Она глядела мне в глаза, и я почувствовал, что она, совершенно неизвестная мне Виктория Ивановна Пантелеева, похоже, забыла о младшей сестре и собственной миссии посредницы. Я ощутил приближение знакомой опасности.
– Нет, не хотел бы, – не сразу сказал я.
– И тебя не интересует… случай… уже мой случай… с Пантелеевым?
– Нет, – сказал я.
– Почему?
– Разъяснения все бы усложнили. Или бы открылись еще одни жертвоприношения. Я же хочу простоты. А простота моя состоит вот в чем. Я человек не свободный. Во мне и у меня нет свободы. Я от всего зависим. Во мне живут страхи, и я не знаю, чем они порождены. А стало быть, я не способен к любви. И отстаньте вы от меня, ради Бога!
– Василий, милый ты мой… Ну что ты говоришь неправду о себе… И нас извини… Более мы не будем навязывать тебе себя!

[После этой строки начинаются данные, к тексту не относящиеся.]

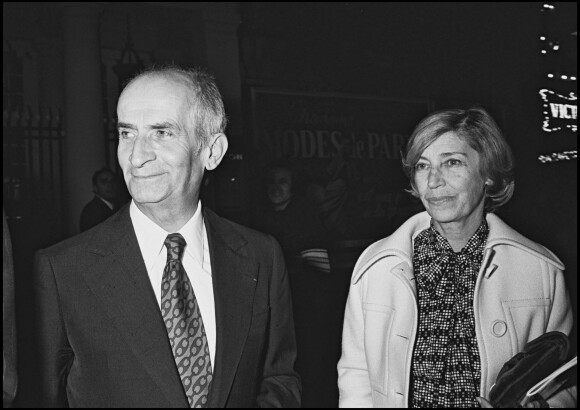 Archives - Louis de Funès et sa femme à la première de la pièce de théâtre "L'autre valise" au théâtre des variétés en 1976.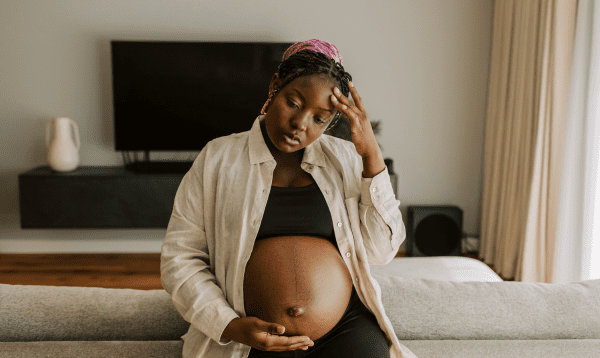 pregnant woman experiencing pregnancy brain, momnesia or brain fog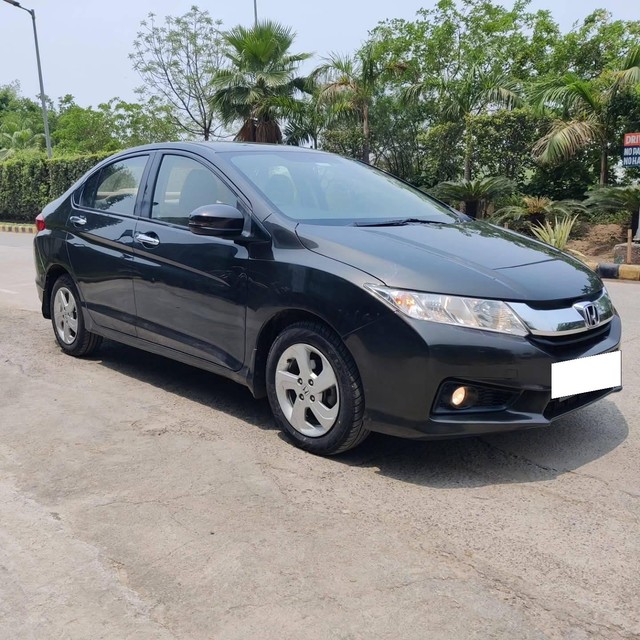 https://images10.gaadi.com/usedcar_image/4553123/original/processed_978d21f16bf377f62c469bcd35cd8295.jpeg?imwidth=6400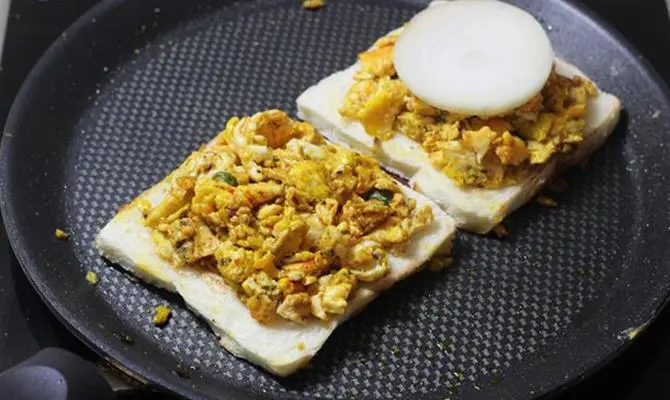 addition of onions in scrambled egg sandwich recipe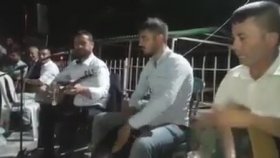 Ersoy Savaş - Keskinin Akşamları Başkadır Ersoy Savaş - Keskinin Akşamları Başkadır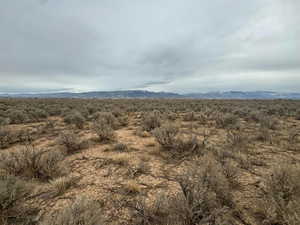 View of mountain feature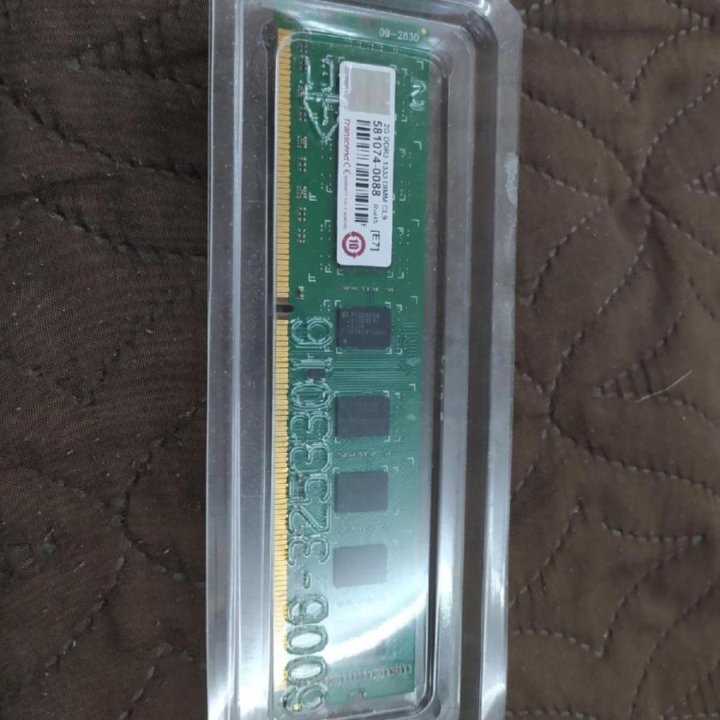 Оперативная память. DDR3. 2Gb. Новая. В упаковке.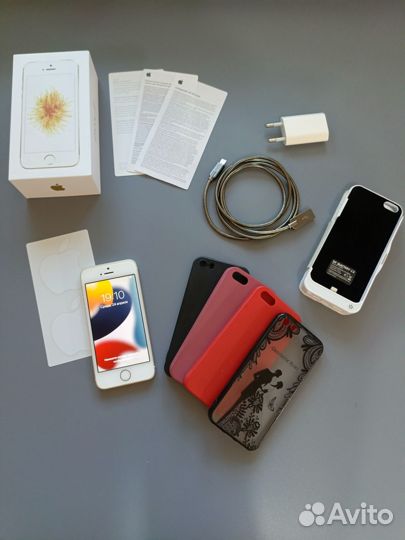 iPhone SE, 128 ГБ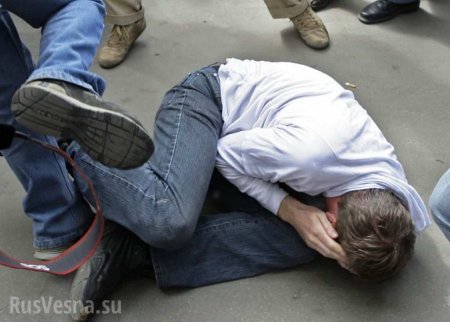 Это Украина: мужчине сломали ребра в очереди за дешёвым хлебом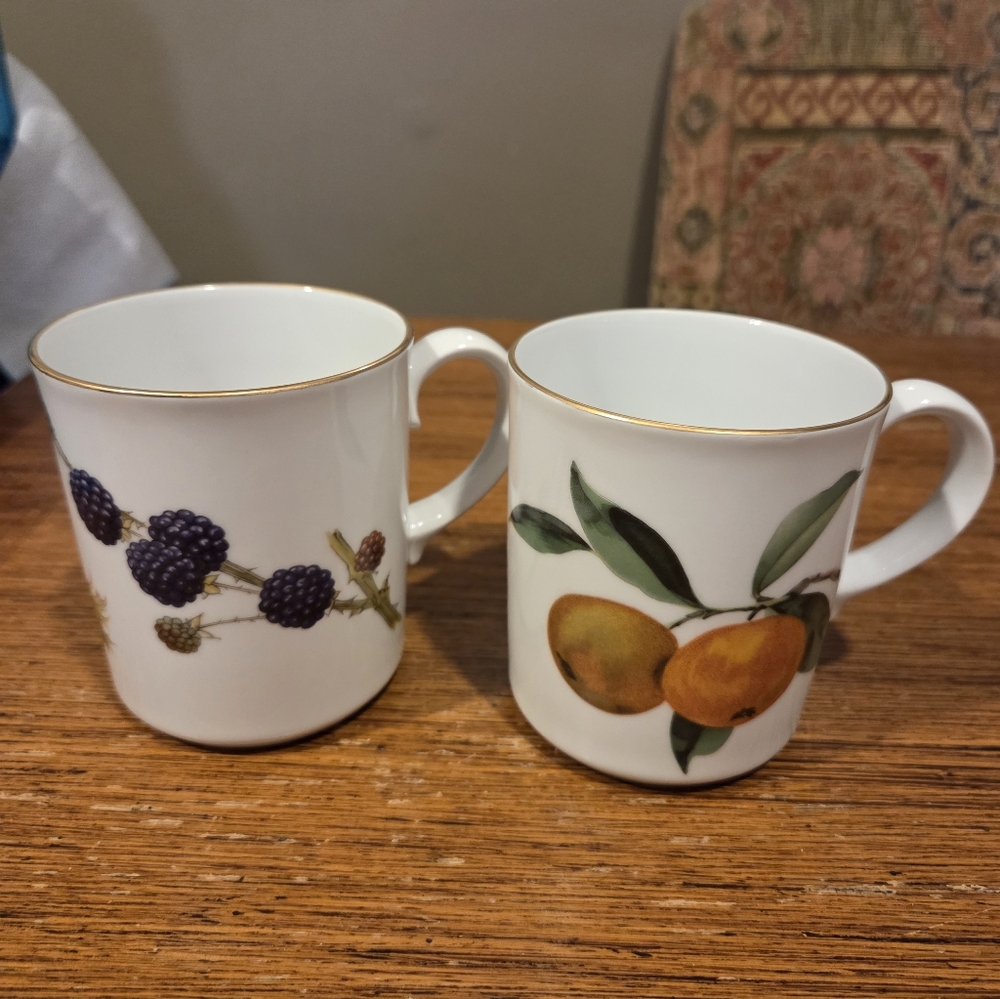 Royal Worcster Evesham Gold Set of 2 Mugs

Ее руки, ее пальцы снова обхватывали, даря успокоение, мой кулак, мне было больно, сладко, и сейчас же вызрела потребность освободиться от этих успокоений, опасностей и несвобод, да как бы она еще не лобызнула меня в лоб (именно лобызнула!) на манер своей матери, я, не рассчитав сил, отверг ее руки и оттолкнул от себя Вику, она чуть не упала, кольцо, стягивающее ее волосы, свалилось на землю, светло-русые крылья метнулись в стороны, я бросился от Вики, и все же мне втемяшилось укрепить раздор с ней нанесением обиды, я выкрикнул:
– У вас с Пантелеевым своя жизнь, и не лезь мне в душу!
– Василий, погоди… – слышалось мне вслед.
Я наткнулся на мужчину в берете и с тростью в руке, возможно из художников с Верхней Масловки, чуть не сбил его с ног, получил заслуженное:
– Неврастеник! Что же ты так паскудно обращаешься с дамой!
– А пошел бы ты, мужик! – выкрикнул я и побежал переулком к путепроводу на Бумажный проезд.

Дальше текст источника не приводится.